Cedigaz official warns of price effects on gas demand

Feb. 13, 2006
The “destructive impact” of up-spiraling prices could slow world demand for natural gas, especially LNG, cautioned Marie-Françoise Chabrelie, Secretary General of Paris-based Cedigaz, in her presentation at the Institut Français du Pétrole’s annual Panorama in Paris Feb. 2.

The “destructive impact” of up-spiraling prices could slow world demand for natural gas, especially LNG, cautioned Marie-Françoise Chabrelie, Secretary General of Paris-based Cedigaz, in her presentation at the Institut Français du Pétrole’s annual Panorama in Paris Feb. 2.

Although gas has the greatest growth potential and its production is increasingly global, Chabrelie said, the most recent demand growth forecasts were distinctly lower than the 3%/year assumed at the end of the 1990s. Lower energy demand and slower economic growth, stricter energy conservation policies, and growing competition from other energy forms are responsible for the downturn.

Sustained economic growth will hover around 2.5%/year despite long-lasting high prices, Chabrelie said, and commitments to lower greenhouse-gas emissions will keep gas attractive. World gas demand to 2020 should grow at 2%/year to 3,800 billion cu m, she said, keeping the gas share of primary energy demand at 26-27%.

Growth rates vary by regions. North America and Europe, where the gas share is 24-25%, might continue to develop at 1.7%/year and 2.2%/year respectively.

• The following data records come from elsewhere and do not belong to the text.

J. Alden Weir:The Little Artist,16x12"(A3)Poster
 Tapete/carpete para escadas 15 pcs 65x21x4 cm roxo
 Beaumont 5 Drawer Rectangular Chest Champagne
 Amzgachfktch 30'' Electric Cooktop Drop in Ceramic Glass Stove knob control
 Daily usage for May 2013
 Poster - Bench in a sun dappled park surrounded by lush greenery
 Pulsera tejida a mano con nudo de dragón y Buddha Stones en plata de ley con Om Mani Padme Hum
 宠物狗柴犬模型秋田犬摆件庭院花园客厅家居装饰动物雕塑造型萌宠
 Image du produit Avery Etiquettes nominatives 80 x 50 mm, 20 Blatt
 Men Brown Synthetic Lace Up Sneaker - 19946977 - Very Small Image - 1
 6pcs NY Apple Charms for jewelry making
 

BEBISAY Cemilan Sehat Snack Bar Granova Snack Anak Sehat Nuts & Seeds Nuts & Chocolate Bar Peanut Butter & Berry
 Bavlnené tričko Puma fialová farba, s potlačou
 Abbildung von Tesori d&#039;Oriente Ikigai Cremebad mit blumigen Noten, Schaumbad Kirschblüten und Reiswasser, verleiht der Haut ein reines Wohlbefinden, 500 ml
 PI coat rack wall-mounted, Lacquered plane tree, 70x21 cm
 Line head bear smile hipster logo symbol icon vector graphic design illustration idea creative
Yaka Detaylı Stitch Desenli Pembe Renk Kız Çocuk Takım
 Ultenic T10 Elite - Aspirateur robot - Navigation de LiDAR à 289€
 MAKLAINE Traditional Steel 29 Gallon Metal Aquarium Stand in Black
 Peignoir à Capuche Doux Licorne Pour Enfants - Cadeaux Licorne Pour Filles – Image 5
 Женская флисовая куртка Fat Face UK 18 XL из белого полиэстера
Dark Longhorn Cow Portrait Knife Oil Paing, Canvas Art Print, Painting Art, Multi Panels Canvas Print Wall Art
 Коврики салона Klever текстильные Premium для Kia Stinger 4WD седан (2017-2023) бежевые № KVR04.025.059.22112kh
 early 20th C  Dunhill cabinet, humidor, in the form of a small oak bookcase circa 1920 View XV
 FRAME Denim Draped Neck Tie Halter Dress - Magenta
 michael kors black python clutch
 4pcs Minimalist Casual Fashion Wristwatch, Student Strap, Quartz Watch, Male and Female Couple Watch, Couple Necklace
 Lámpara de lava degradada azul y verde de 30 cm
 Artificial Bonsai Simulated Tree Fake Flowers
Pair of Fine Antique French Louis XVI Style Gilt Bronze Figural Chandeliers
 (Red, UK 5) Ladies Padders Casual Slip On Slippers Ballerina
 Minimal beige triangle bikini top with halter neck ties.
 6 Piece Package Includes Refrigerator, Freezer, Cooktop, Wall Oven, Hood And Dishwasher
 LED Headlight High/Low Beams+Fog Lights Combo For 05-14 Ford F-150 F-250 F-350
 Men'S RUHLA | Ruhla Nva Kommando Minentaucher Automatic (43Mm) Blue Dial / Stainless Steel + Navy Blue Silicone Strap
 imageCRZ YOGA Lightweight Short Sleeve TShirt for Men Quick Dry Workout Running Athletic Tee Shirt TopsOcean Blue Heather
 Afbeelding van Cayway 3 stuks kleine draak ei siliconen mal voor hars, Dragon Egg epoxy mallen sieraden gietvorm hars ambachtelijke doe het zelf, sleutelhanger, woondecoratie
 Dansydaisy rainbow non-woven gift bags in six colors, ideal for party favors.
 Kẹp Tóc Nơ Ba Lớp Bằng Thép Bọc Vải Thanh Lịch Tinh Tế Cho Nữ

Tax credits encouraging energy conservation and renewables in US homes will affect gas consumption, and spiraling prices might slow gas use in power generation in favor of coal and nuclear in the longer term.

In European members of the Organization for Economic Cooperation and Development (OECD), the economic and environmental advantages of gas are attractive, while power generation is pushing gas growth in the UK, the Netherlands, France, and particularly Spain and Italy.

The population boom in Latin America and Asia will push up gas demand, while in non-OECD Asia and Middle East countries industry should be the main stimulus for 3.5%/year demand growth.

India and Indonesia require increasing gas volumes for fertilizer production, and the Middle East needs gas for seawater desalinization and industry.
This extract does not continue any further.